Ma ci sono anche altre situazioni analoghe. A Padova per esempio dove quel ruolo è stato affidato a Zamuner. Un procuratore, o agente di calciatori che dir si voglia, che sino alla scorsa stagione lavorava, indisturbato e con gli stessi compiti, a Pordenone. Per non parlare di coloro che vengono messi in organigramma come direttori sportivi e non ne posseggono il titolo. Uno degli esempi è Stefano Trinchera, ex difensore di lungo corso, attualmente alla Virtus Francavilla e nello scorso campionato a Lecce.
Sono solo degli esempi, nulla di personale contro di loro. A nessuno si può negare la possibilità di un impiego. Certo è che se regole ci sono queste andrebbero, in ogni caso, rispettate.
Tutto si svolge alla luce del sole senza che le Istituzioni addette al controllo intervengano e che le associazioni di categoria, in questo caso l’Adise, segnalino l’inadempienza a tutela dei propri associati. Nel frattempo a Coverciano, l’università del calcio italiano, vengono organizzati corsi di specializzazione (a pagamento e sempre in collaborazione con l’Adise) per le tante qualifiche previste dai regolamenti. Una vera e propria “fabbrica” di disoccupati.

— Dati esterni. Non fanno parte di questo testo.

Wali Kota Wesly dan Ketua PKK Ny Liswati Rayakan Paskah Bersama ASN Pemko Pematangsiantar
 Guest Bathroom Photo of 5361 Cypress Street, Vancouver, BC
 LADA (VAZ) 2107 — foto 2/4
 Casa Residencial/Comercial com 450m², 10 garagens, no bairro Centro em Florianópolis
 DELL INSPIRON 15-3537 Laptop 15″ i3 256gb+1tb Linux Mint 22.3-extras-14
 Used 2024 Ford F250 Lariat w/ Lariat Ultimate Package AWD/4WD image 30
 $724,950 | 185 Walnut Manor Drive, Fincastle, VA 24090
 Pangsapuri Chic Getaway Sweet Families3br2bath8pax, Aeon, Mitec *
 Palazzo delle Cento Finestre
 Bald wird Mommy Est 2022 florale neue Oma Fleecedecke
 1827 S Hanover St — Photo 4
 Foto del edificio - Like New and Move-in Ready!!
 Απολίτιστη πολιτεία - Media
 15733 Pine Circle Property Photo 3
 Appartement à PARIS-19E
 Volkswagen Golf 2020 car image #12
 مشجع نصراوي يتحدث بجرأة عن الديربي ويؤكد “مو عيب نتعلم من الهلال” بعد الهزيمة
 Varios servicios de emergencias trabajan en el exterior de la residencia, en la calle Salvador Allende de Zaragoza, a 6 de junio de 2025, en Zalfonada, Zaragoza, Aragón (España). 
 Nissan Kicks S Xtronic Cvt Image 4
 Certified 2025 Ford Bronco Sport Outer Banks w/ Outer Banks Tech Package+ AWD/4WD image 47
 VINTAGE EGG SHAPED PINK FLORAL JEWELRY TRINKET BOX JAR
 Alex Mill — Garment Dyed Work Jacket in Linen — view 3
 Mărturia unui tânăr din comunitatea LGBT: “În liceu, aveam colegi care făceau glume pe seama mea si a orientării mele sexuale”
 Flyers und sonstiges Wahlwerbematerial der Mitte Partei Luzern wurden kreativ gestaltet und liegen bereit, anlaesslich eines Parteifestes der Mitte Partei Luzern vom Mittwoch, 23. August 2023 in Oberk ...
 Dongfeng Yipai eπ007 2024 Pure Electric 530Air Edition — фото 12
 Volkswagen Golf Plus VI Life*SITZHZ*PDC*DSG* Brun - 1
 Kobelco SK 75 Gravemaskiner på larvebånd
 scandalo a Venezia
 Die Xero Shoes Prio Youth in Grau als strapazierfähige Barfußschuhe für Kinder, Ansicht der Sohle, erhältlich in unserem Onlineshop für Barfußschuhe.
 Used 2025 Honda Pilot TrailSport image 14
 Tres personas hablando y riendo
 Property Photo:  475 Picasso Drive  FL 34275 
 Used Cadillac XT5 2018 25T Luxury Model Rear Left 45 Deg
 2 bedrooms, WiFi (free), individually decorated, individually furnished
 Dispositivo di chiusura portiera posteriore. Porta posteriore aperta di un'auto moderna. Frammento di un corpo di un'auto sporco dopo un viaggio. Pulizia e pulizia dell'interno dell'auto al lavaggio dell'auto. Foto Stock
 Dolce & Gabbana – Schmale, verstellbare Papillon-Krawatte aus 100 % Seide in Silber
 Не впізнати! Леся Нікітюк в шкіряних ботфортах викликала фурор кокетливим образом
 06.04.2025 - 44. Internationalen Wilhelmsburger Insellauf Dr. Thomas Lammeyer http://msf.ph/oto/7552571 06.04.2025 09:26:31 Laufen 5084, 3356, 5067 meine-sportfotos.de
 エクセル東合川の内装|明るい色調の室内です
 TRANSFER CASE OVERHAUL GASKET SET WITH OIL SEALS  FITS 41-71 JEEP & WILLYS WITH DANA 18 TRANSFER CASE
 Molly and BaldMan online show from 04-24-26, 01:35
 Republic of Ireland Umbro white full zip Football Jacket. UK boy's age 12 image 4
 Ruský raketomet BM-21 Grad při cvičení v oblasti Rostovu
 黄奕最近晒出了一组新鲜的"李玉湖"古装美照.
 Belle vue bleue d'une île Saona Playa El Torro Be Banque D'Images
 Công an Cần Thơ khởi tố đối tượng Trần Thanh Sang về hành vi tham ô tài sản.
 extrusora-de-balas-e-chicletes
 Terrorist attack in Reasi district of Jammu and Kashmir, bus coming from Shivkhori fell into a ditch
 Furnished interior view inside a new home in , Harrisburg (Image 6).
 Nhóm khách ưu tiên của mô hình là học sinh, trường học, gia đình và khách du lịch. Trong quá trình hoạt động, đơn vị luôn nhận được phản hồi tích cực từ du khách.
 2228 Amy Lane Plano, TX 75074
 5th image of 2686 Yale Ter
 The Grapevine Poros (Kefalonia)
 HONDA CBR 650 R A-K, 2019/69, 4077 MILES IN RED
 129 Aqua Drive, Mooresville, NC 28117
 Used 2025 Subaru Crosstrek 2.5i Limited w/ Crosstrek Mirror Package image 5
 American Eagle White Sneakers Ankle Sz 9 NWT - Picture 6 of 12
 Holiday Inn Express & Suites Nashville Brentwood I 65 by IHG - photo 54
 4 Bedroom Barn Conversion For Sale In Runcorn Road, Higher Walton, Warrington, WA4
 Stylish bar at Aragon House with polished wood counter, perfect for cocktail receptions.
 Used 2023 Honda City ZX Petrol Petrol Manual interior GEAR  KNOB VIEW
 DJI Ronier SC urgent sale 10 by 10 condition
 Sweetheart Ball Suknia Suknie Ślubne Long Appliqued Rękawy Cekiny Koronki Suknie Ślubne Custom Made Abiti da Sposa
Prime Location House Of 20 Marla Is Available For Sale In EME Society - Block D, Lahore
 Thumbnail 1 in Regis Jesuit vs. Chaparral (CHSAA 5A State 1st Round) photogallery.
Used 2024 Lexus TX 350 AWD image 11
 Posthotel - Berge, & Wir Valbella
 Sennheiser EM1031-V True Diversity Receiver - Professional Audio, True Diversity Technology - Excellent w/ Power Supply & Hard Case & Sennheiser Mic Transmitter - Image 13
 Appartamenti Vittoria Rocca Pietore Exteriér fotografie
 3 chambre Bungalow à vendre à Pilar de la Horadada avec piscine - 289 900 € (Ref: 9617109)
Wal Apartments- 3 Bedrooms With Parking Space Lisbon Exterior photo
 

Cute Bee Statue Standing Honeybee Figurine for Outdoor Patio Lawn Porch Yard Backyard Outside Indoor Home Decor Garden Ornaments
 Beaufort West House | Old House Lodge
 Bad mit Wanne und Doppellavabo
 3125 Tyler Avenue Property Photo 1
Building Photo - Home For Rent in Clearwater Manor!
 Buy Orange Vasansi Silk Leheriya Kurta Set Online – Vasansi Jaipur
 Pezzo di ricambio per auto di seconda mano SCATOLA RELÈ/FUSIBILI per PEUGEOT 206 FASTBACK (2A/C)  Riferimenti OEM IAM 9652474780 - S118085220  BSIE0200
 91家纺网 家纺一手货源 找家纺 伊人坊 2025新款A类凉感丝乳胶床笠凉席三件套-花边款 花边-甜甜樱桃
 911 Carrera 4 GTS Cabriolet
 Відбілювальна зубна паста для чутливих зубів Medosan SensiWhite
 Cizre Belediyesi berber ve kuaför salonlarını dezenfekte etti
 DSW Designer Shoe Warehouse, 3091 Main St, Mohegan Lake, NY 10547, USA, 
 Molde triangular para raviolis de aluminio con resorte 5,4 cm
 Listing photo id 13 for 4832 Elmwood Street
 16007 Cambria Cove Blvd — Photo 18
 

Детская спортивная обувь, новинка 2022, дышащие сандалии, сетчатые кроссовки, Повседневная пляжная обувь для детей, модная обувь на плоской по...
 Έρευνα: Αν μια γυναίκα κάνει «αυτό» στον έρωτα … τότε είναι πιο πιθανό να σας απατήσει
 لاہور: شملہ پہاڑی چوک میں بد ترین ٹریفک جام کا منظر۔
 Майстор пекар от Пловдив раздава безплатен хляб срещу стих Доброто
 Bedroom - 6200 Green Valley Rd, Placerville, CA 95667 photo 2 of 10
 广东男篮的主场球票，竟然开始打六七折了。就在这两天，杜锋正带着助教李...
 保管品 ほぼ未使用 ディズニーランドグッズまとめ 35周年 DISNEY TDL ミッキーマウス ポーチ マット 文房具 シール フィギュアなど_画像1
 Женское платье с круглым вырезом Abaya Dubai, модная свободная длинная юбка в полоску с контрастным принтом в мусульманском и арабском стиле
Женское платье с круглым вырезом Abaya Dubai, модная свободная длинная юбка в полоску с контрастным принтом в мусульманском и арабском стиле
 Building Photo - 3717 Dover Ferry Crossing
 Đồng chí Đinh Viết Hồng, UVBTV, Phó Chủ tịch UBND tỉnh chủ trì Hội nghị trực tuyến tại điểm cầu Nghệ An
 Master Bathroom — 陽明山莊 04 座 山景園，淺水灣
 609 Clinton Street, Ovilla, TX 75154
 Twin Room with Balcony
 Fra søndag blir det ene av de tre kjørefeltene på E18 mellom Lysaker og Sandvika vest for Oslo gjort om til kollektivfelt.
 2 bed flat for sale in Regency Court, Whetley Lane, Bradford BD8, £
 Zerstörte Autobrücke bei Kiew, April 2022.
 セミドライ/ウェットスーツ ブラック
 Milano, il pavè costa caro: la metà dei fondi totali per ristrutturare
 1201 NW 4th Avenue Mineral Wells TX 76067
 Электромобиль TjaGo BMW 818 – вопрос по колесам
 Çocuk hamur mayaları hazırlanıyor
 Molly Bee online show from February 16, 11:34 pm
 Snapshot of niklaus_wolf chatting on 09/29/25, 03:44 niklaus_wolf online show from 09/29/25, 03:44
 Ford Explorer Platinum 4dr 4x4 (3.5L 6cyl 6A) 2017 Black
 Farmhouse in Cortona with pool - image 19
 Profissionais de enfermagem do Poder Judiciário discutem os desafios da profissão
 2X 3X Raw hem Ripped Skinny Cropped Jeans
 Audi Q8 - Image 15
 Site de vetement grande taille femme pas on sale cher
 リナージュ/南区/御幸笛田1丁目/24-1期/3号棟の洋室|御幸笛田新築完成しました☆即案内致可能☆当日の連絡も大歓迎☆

La vicenda di Marcello Lippi, in Federcalcio, è pari a quella storia dell’ago in un pagliaio. Tra l’altro come si fa a negare un ruolo federale al Commissario Tecnico che ci ha regalato l’ultimo esaltante titolo mondiale. Come si fa a dimenticare la gioia sfrenata di Fabio Grosso che aveva trasformato il rigore decisivo? Come di fa a dimenticare che quella notte il cielo di Berlino era diventato tutto azzurro? Chissà come e quando ci potrà capitare di nuovo. Ma poi, molto più realisticamente, un uomo integro come l’ex Commissario della nazionale quando mai avrebbe potuto compiere un gesto non in linea con il suo modo esemplare di comportarsi?
Senza dimenticare che la mancanza più grossolana, nel caso di Marcello Lippi, è stata compiuta da chi, ai vertici della Federcalcio, aveva l’obbligo di sapere, prima, che esisteva quella norma statutaria e non cercare, a posteriori, di chiudere la stalla quando i “buoi” erano già in uscita.
Un ago in un pagliaio appunto, perché tra i tanti pettegolezzi di “palazzo” ce ne sarebbero tanti altri da affrontare. Risulterebbe infatti che a qualche parente di frequentatori dei piani alti, di via Allegri, siano stati affidati compiti ben più qualificati e remunerativi. In alcuni casi sarebbero già in corso indagini della Guardia di Finanza per accertare eventuali responsabilità. Si sarebbe già provveduto al sequestro di corpose documentazioni in Lombardia ed in altre regioni. Spifferi di corridoio parlano della possibilità di uno scandalo che sarebbe prossimo all’esplosione. Proprio in merito ad eventuali conflitti di interesse.
Che dire. Un ago in un pagliaio o poco più. Come si può notare!